Task: Nothing but the lines from the one with "Used 2023 Black Chevrolet LT image 18" through the final line of the entries should appear in the answer, copied exactly and without pictures.

Short text fragments from websites:
+-------+

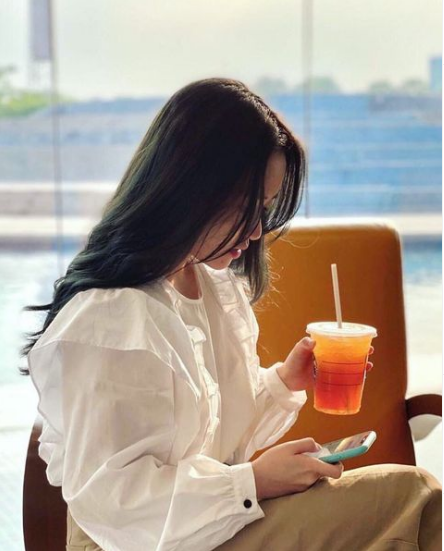 Thời gian qua Nhuệ Giang làm người hâm mộ đoán già đoán non việc cô đang mang thai.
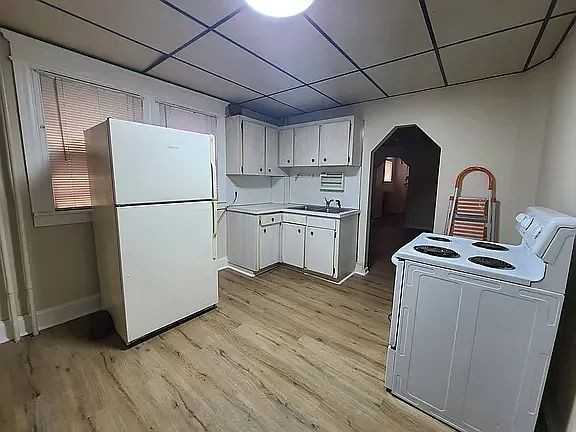88 Willow St ## 90 - Photo 2 of 5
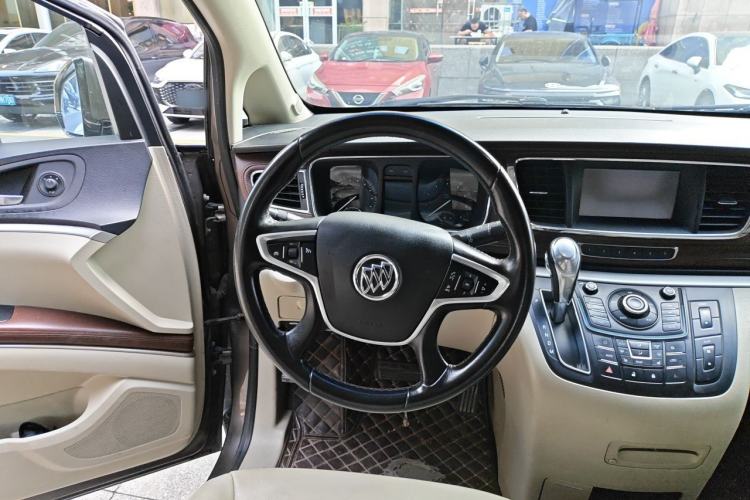 Used Buick GL8 2014 3.0L GT Luxury Business Haoya Edition Steering Wheel
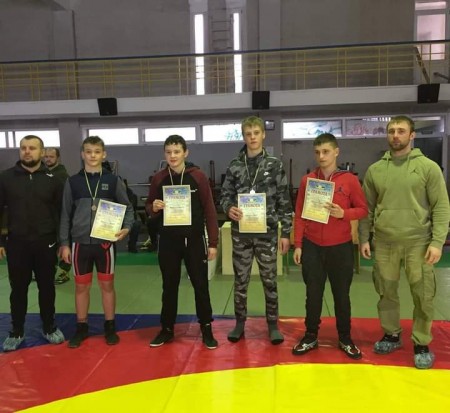 В Ужгороді провели чемпіонат області серед молодших юнаків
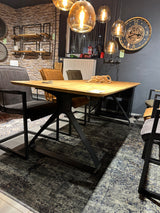 Vollmetall Triangle Massivstahl Gestell Set schwarz pulverbeschichtet für Tischplatten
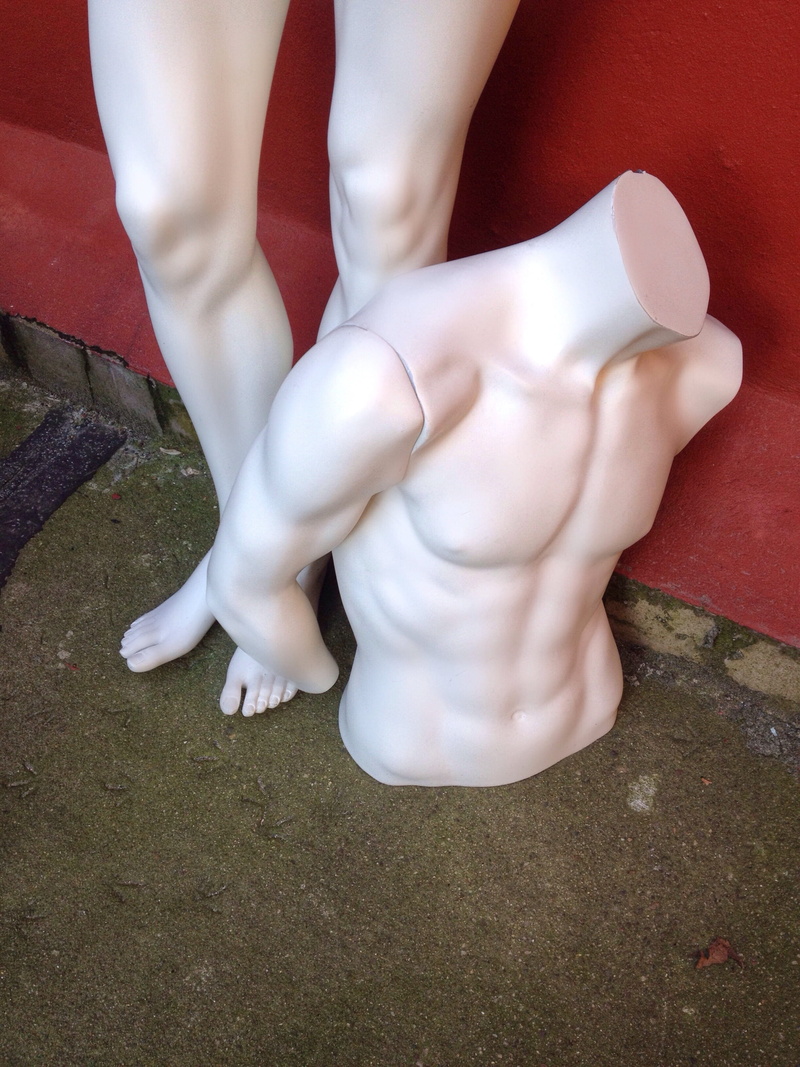 day, 2K, statue, close-up, mannequin, human representation, art and craft, upper body, one person, feet, human body part, sculpture, doll, real people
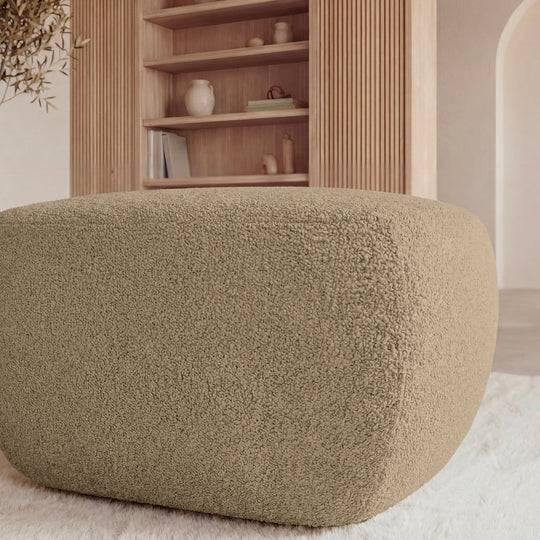 Pouf CASANOVA Santiago en tissu bouclette café — photo produit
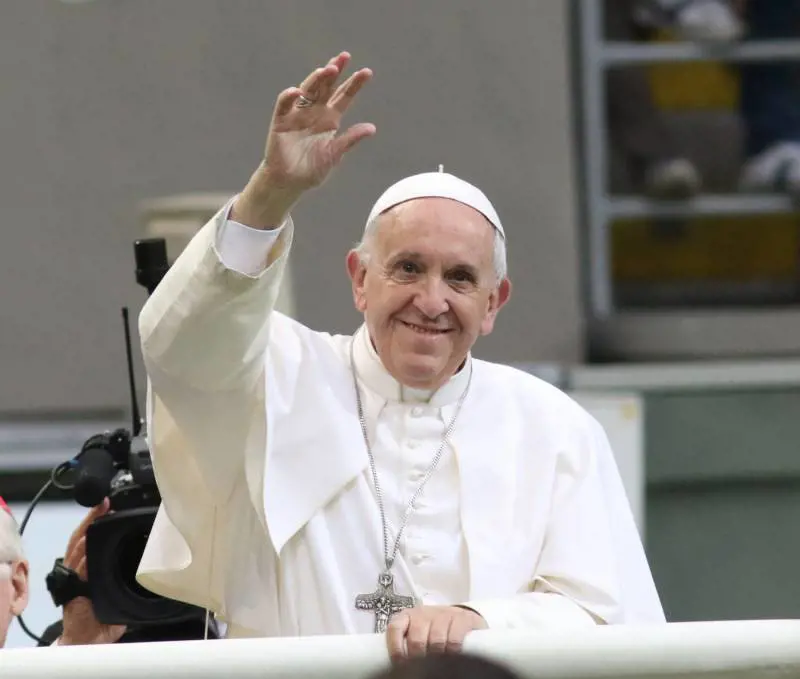 Papa Francesco: "Mai discriminare tra cristiani e non, accogliere tutti"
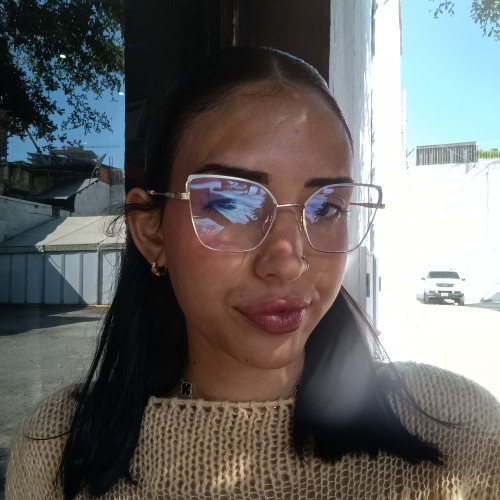 Thais G. profile photo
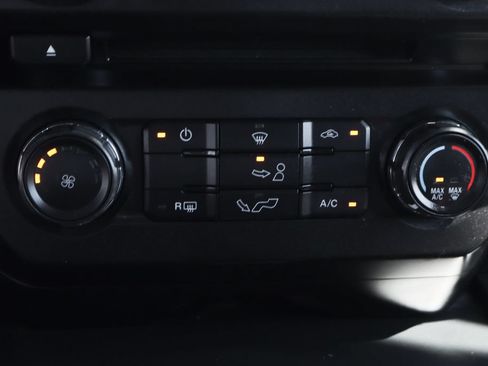 Used 2018 Ford F150 XL w/ Equipment Group 101A Mid RWD image 33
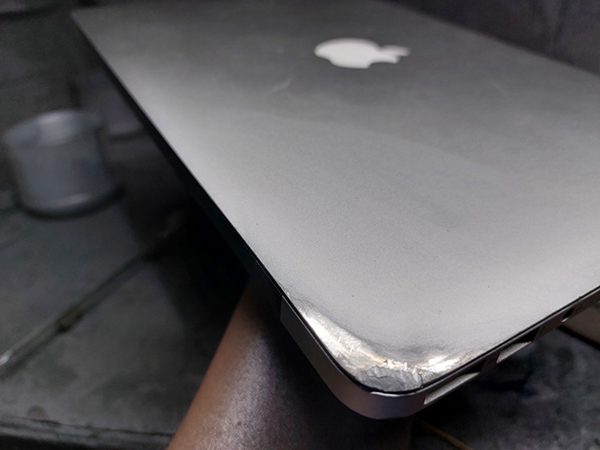 Tránh chọn những chiếc MacBook bị trầy xước nặng, móp méo nhiều
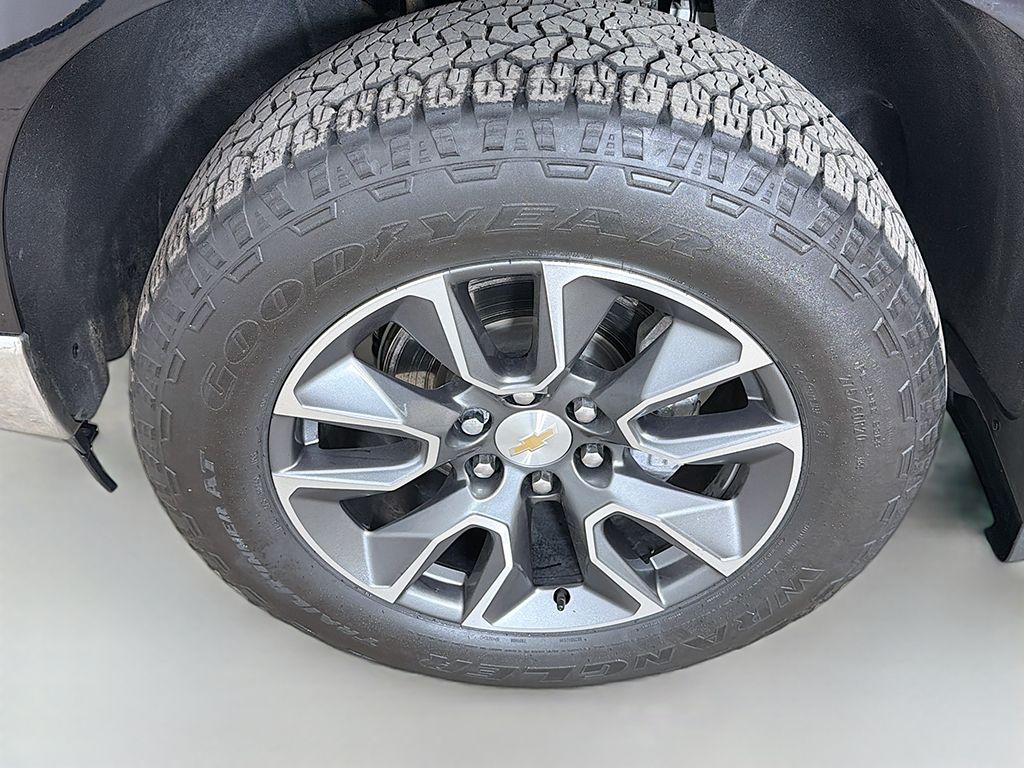 Used 2023 Black Chevrolet LT image 18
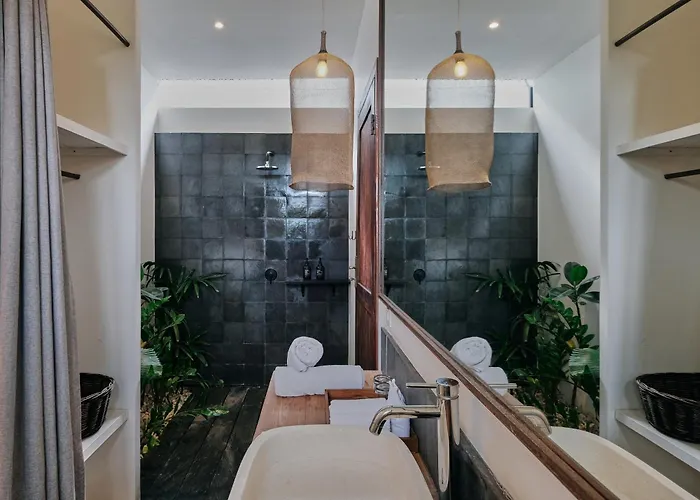 Lileo - Stunning & Bright Luxury 4br 5 Minutes To Berawa Canggu, Perfect For A Relaxing Getaway Villa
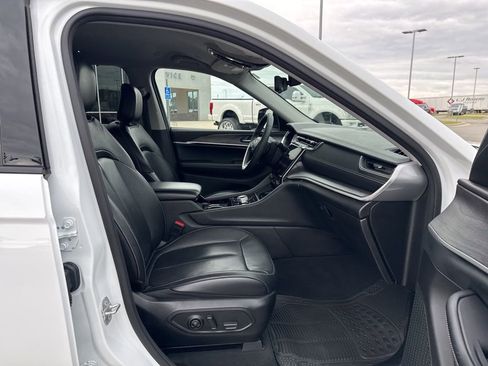 Used 2023 Jeep Grand Cherokee L Limited w/ Luxury Tech Group II image 20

+-------+

Response box:
 Used 2023 Black Chevrolet LT image 18
 Lileo - Stunning & Bright Luxury 4br 5 Minutes To Berawa Canggu, Perfect For A Relaxing Getaway Villa
 Used 2023 Jeep Grand Cherokee L Limited w/ Luxury Tech Group II image 20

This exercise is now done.